Tuesday, October 27, 2009
Chasing elephants near Coimbatore...
Well, this is about a trip I took in February this year with my younger sister Priya who works for Times of India, Chennai. She had got a fellowship to study and report on man-elephant conflict in the Coimbatore region. So after a long long while, bro and sis got to spend some quality time together. We visited several areas of conflict in the region, including commercial farms and tribal villages. (Priya in action at a tribal village - pic above)
It was interesting to see that, while the tribals were well-adjusted to the idea that elephants would take a share of their crops and were happy with the harvest that remained, the commercial farmers were indignant and wanted the problem elephants removed/eliminated. Some of the more imaginative amongst them even alerted us about their pet theory that these elephants come from Kerala and are trained and sent in by the cunning Mallus from across the border who want to destroy Tamil crops! Also, the tribals tried to grow crops that were not attractive to the elephants while the farmers were growing cash crops that the elephants loved.
Priya's study also showed a lot of encroachments in the elephant corridors used by these behemoths to move around in their extended range. Since elephants are mega-herbivores that pretty much devastate the area they feed in, it is important that they move to other areas and give time to their former feeding grounds to recover from the effects of their foraging.

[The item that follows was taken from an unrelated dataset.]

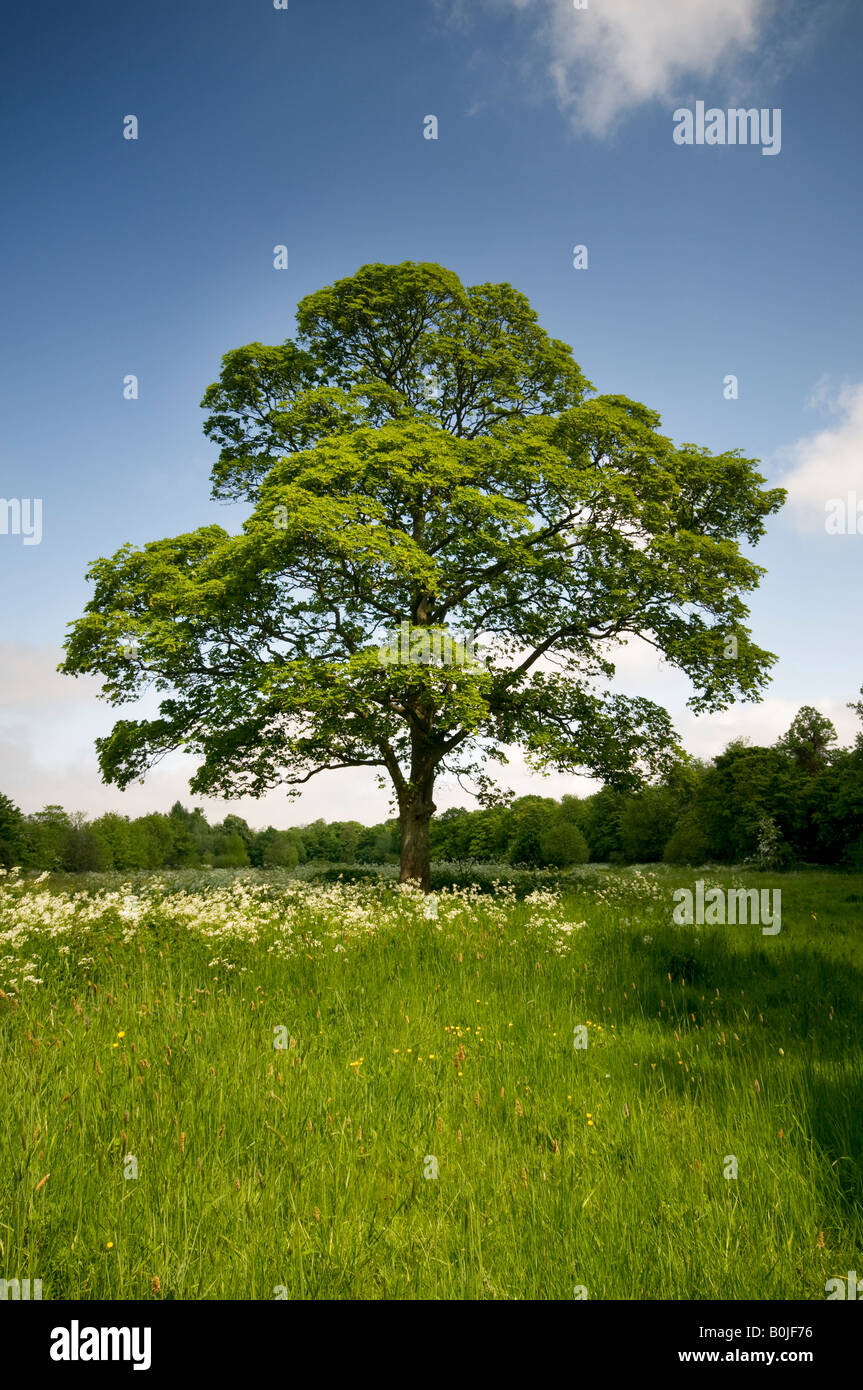 Sycamore Tree Spring High Resolution Stock Photography and Images Alamy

But the best part of our trip was the visit to the elephant training camp at the Indira Gandhi Wildlife Sanctuary at Anamalai and the contiguous Parambikulam National Park in Kerala. Apart from meeting up with a lot of wildlife experts like the famous Dr. Easa (formerly with Kerala Forest Research Institute) and the legendary vet Dr. Cherian, we got to see the keepers of the law in the elephant world - the kumki elephants of Anamalai!

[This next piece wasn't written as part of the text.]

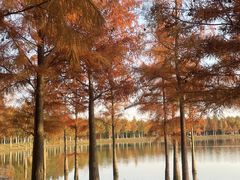 -合肥滨湖国家森林公园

The kumkis are the trained elephants that are used to drive back invading herds and tackle rogue elephants. They have to be strong in body and mind and must obey the commands of their mahout at all times. The most revered among them is Kaleem (in pic above) - at all of 45 years (older than me!), in his prime and the dominant male at the camp. He is a large-hearted soldier who is fearless in his encounters with wild elephants. However, he has also killed several of the other kumkis in the camp, including IG - the earlier alpha male.

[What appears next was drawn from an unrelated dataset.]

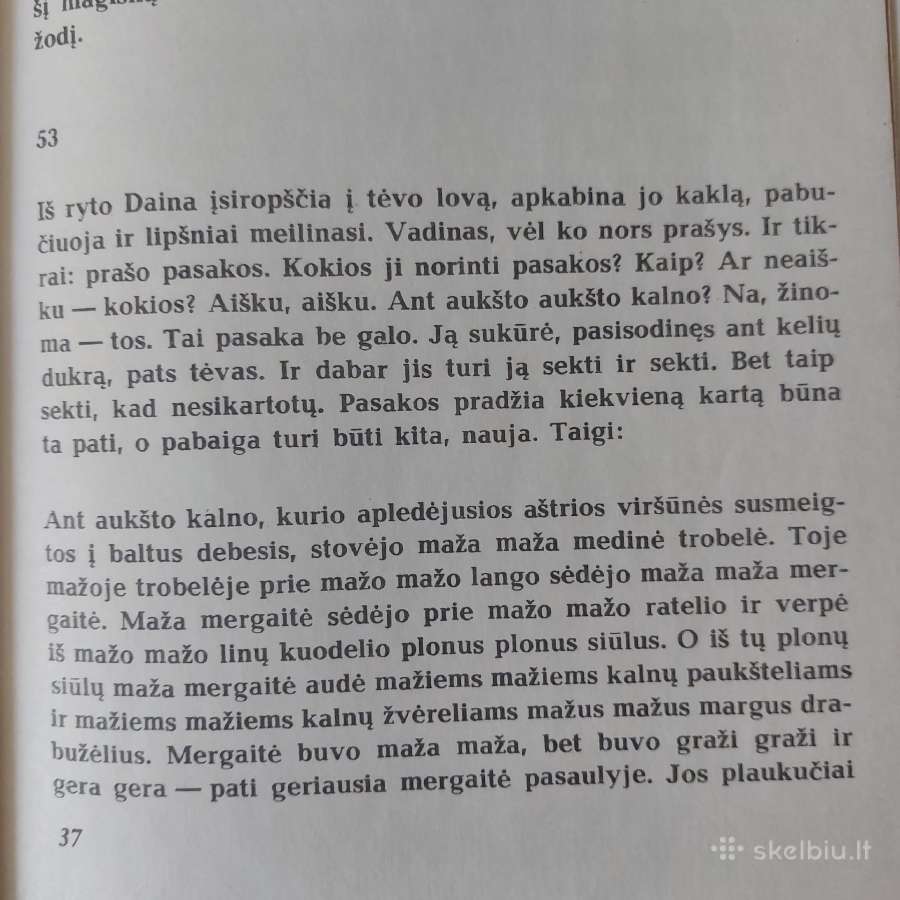 E. Mieželaitis - mergaitės Dainos Dienoraštis . - nuotraukos Nr. 11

As Kaleem's mahout Palanisamy narrated his great deeds and misdeeds to us and as we photographed him in the fading light, Kaleem struck several poses to impress us. He had a devilish twinkle in his eye and it was quite clear that he reveled in all the attention he was getting! And the enduring memory of this trip is just that - Kaleem, the Terrible, performing schoolboy pranks to get our attention, while the sun gradually set in the beautiful forested valley that is the location of the elephant training camp.